---- EXTRACTED DATA

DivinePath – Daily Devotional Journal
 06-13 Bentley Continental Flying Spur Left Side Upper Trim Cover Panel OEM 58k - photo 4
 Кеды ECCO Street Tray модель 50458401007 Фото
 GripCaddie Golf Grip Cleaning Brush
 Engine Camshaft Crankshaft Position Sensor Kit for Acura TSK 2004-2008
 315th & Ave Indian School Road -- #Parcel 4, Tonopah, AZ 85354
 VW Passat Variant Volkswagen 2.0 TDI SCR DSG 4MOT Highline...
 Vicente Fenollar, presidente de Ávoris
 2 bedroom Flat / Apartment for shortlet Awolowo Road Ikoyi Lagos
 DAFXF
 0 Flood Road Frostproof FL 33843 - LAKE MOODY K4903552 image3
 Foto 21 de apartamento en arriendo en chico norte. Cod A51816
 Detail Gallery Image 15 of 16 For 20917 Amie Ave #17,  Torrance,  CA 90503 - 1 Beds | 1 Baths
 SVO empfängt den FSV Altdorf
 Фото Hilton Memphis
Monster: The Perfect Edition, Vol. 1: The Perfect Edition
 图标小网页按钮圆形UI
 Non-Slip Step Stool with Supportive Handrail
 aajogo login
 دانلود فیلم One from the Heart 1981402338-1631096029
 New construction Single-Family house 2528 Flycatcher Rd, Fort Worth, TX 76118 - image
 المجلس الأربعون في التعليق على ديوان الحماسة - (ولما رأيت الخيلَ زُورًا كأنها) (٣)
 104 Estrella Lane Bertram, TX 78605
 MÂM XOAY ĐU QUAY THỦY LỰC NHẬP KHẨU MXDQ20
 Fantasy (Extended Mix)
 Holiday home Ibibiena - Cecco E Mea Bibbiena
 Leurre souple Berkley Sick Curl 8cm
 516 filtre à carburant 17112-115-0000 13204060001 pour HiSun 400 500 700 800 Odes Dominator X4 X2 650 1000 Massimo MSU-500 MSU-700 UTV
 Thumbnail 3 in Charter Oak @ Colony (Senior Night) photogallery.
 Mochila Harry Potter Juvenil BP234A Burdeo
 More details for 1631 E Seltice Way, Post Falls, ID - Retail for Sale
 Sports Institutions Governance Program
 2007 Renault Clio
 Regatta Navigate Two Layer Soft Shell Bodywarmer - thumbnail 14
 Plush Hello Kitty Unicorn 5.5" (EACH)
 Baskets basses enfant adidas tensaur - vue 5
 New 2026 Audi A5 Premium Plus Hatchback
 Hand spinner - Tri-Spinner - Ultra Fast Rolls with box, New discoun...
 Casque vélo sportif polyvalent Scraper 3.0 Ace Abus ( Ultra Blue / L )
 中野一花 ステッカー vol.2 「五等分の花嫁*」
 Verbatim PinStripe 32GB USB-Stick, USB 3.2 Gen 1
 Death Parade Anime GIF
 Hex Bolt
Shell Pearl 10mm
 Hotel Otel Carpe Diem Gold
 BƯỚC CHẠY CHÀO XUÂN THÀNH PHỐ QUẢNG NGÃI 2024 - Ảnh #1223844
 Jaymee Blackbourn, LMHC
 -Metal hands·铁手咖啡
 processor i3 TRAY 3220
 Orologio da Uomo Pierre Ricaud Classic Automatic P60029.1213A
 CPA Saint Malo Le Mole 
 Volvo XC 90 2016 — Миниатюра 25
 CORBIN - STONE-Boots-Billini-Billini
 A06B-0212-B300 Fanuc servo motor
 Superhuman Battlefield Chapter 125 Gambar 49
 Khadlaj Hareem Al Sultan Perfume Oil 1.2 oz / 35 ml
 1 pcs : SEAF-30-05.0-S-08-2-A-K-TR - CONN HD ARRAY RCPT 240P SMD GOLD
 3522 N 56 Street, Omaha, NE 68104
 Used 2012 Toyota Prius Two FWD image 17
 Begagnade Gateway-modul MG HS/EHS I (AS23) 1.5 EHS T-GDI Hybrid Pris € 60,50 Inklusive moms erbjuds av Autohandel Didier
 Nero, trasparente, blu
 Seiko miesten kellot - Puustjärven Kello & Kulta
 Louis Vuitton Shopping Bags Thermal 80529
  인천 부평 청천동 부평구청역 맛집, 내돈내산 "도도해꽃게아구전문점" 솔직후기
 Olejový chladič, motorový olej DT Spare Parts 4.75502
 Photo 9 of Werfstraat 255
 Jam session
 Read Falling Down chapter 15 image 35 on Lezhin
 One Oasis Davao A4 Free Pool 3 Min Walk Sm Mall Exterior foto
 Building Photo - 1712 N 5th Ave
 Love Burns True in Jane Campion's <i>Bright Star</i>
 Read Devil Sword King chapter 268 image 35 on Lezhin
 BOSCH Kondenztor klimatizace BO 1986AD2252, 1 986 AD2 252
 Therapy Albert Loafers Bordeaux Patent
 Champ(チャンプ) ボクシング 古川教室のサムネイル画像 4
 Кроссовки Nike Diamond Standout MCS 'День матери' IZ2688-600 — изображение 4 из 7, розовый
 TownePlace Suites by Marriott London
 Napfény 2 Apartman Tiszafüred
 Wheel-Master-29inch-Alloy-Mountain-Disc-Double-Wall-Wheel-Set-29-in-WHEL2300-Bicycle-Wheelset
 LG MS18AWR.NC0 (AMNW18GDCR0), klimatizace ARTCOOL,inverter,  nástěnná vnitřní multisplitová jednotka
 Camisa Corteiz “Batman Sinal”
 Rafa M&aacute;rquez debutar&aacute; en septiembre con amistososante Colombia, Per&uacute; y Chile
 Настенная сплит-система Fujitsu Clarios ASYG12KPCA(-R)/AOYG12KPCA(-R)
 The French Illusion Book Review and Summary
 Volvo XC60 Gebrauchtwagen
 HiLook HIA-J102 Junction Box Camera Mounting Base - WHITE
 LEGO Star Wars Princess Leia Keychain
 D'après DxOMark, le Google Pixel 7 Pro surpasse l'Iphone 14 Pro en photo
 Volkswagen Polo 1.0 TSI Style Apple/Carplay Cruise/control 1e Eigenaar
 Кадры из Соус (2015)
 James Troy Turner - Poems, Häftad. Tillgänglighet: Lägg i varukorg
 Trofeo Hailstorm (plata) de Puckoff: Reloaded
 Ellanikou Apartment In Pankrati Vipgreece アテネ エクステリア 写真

--------

WORK INSTRUCTIONS ::
Of the entries listed above, reproduce only the lines starting at the line containing "516 filtre à" and ending at the line containing "Building Photo - 1712 N 5th Ave". Include both, exactly as they stand.

REPLY TO THE TASK ::
 516 filtre à carburant 17112-115-0000 13204060001 pour HiSun 400 500 700 800 Odes Dominator X4 X2 650 1000 Massimo MSU-500 MSU-700 UTV
 Thumbnail 3 in Charter Oak @ Colony (Senior Night) photogallery.
 Mochila Harry Potter Juvenil BP234A Burdeo
 More details for 1631 E Seltice Way, Post Falls, ID - Retail for Sale
 Sports Institutions Governance Program
 2007 Renault Clio
 Regatta Navigate Two Layer Soft Shell Bodywarmer - thumbnail 14
 Plush Hello Kitty Unicorn 5.5" (EACH)
 Baskets basses enfant adidas tensaur - vue 5
 New 2026 Audi A5 Premium Plus Hatchback
 Hand spinner - Tri-Spinner - Ultra Fast Rolls with box, New discoun...
 Casque vélo sportif polyvalent Scraper 3.0 Ace Abus ( Ultra Blue / L )
 中野一花 ステッカー vol.2 「五等分の花嫁*」
 Verbatim PinStripe 32GB USB-Stick, USB 3.2 Gen 1
 Death Parade Anime GIF
 Hex Bolt
Shell Pearl 10mm
 Hotel Otel Carpe Diem Gold
 BƯỚC CHẠY CHÀO XUÂN THÀNH PHỐ QUẢNG NGÃI 2024 - Ảnh #1223844
 Jaymee Blackbourn, LMHC
 -Metal hands·铁手咖啡
 processor i3 TRAY 3220
 Orologio da Uomo Pierre Ricaud Classic Automatic P60029.1213A
 CPA Saint Malo Le Mole 
 Volvo XC 90 2016 — Миниатюра 25
 CORBIN - STONE-Boots-Billini-Billini
 A06B-0212-B300 Fanuc servo motor
 Superhuman Battlefield Chapter 125 Gambar 49
 Khadlaj Hareem Al Sultan Perfume Oil 1.2 oz / 35 ml
 1 pcs : SEAF-30-05.0-S-08-2-A-K-TR - CONN HD ARRAY RCPT 240P SMD GOLD
 3522 N 56 Street, Omaha, NE 68104
 Used 2012 Toyota Prius Two FWD image 17
 Begagnade Gateway-modul MG HS/EHS I (AS23) 1.5 EHS T-GDI Hybrid Pris € 60,50 Inklusive moms erbjuds av Autohandel Didier
 Nero, trasparente, blu
 Seiko miesten kellot - Puustjärven Kello & Kulta
 Louis Vuitton Shopping Bags Thermal 80529
  인천 부평 청천동 부평구청역 맛집, 내돈내산 "도도해꽃게아구전문점" 솔직후기
 Olejový chladič, motorový olej DT Spare Parts 4.75502
 Photo 9 of Werfstraat 255
 Jam session
 Read Falling Down chapter 15 image 35 on Lezhin
 One Oasis Davao A4 Free Pool 3 Min Walk Sm Mall Exterior foto
 Building Photo - 1712 N 5th Ave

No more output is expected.